Problem – Only the lines from the one containing "Elite. Lamb Stock" through the one containing "Chuyên Gia Nguyễn" should be printed, exactly as they appear below, with both ends included.

Record excerpts –
Content starts

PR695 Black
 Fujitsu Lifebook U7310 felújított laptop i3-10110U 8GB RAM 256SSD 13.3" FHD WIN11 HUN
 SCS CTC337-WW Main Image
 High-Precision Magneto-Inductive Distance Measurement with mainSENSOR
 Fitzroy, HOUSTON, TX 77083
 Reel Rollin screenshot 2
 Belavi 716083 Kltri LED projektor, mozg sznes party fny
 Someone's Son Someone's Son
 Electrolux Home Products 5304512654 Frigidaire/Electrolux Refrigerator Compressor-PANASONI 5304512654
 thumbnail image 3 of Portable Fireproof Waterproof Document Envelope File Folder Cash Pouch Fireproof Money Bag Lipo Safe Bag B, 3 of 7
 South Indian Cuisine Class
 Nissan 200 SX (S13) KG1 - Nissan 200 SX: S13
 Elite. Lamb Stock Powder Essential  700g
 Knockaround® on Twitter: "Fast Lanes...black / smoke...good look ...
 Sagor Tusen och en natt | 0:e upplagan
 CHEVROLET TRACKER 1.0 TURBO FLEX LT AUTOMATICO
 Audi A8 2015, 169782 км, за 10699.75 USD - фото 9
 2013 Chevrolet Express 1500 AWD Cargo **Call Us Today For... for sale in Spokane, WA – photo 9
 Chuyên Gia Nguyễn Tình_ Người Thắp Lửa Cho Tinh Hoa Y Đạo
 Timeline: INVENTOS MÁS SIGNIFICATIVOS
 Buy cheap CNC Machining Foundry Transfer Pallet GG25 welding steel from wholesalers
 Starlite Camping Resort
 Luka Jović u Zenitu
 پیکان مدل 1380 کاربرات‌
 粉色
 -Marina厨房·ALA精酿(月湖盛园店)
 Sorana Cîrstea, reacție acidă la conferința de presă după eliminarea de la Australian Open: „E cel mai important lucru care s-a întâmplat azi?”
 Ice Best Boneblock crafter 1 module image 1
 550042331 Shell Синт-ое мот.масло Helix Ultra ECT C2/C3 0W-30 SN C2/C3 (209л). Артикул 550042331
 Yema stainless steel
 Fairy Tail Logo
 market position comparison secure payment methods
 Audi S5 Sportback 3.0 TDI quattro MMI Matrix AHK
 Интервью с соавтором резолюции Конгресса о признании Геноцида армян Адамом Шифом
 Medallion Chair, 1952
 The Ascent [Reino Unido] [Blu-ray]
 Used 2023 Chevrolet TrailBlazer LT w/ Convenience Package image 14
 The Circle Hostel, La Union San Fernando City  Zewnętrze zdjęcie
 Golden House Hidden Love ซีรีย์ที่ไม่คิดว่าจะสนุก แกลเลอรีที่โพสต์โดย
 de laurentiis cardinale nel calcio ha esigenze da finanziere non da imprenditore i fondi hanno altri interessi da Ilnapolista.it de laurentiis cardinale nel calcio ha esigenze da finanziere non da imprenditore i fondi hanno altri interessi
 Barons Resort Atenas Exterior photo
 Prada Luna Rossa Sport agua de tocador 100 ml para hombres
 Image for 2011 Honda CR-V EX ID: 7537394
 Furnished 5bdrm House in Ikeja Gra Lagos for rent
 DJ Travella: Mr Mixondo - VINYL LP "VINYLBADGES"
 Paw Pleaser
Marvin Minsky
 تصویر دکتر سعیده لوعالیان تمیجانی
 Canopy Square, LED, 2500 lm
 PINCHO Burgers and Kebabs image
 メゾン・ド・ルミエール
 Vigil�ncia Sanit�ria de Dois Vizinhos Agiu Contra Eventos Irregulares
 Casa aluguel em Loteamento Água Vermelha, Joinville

Content ends

Task solution –
 Elite. Lamb Stock Powder Essential  700g
 Knockaround® on Twitter: "Fast Lanes...black / smoke...good look ...
 Sagor Tusen och en natt | 0:e upplagan
 CHEVROLET TRACKER 1.0 TURBO FLEX LT AUTOMATICO
 Audi A8 2015, 169782 км, за 10699.75 USD - фото 9
 2013 Chevrolet Express 1500 AWD Cargo **Call Us Today For... for sale in Spokane, WA – photo 9
 Chuyên Gia Nguyễn Tình_ Người Thắp Lửa Cho Tinh Hoa Y Đạo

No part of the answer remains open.